> **What is required**:
Reproduce the entries in full and exactly. Pictures stay out.

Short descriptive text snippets
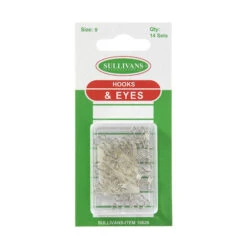Sullivans Hook & Eyes, Silver- Size 0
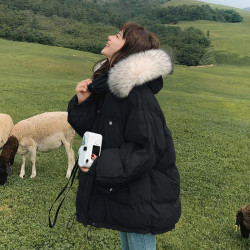 短款羽絨服女冬季韓版寬松潮ins大毛領冬裝加厚外套女2025年新款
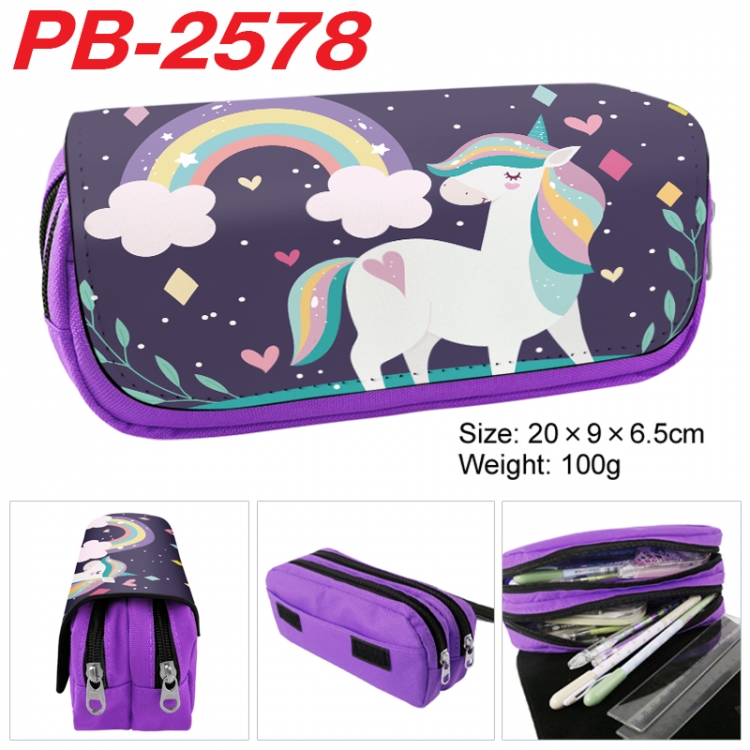 Unicorn Anime double-layer pu leather printing pencil case 20x9x6.5cm PB-2578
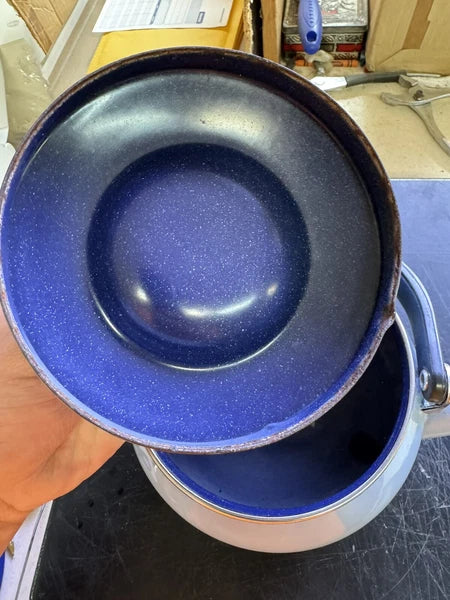 Siam Fuji Ware 2 Quart Tea Pot Kettle Light Blue Coffee Enamel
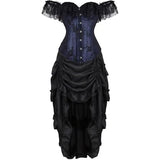 Steampunk Corset Skirt Lace up Gothic Medieval Renaissance Corsets Bustiers for Women
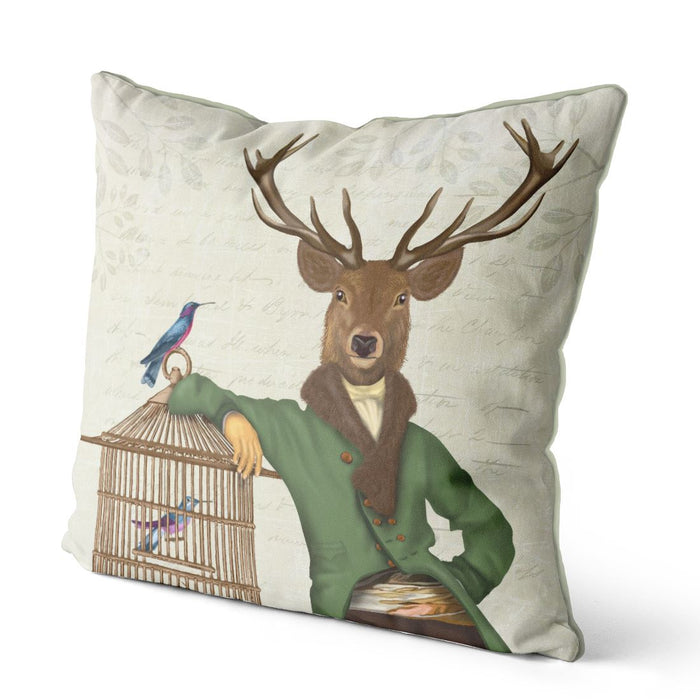 Deer and Bamboo Cage, Portrait, Cushion / Throw Pillow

> **Response**:
Sullivans Hook & Eyes, Silver- Size 0
 短款羽絨服女冬季韓版寬松潮ins大毛領冬裝加厚外套女2025年新款
 Unicorn Anime double-layer pu leather printing pencil case 20x9x6.5cm PB-2578
 Siam Fuji Ware 2 Quart Tea Pot Kettle Light Blue Coffee Enamel
 Steampunk Corset Skirt Lace up Gothic Medieval Renaissance Corsets Bustiers for Women
 Deer and Bamboo Cage, Portrait, Cushion / Throw Pillow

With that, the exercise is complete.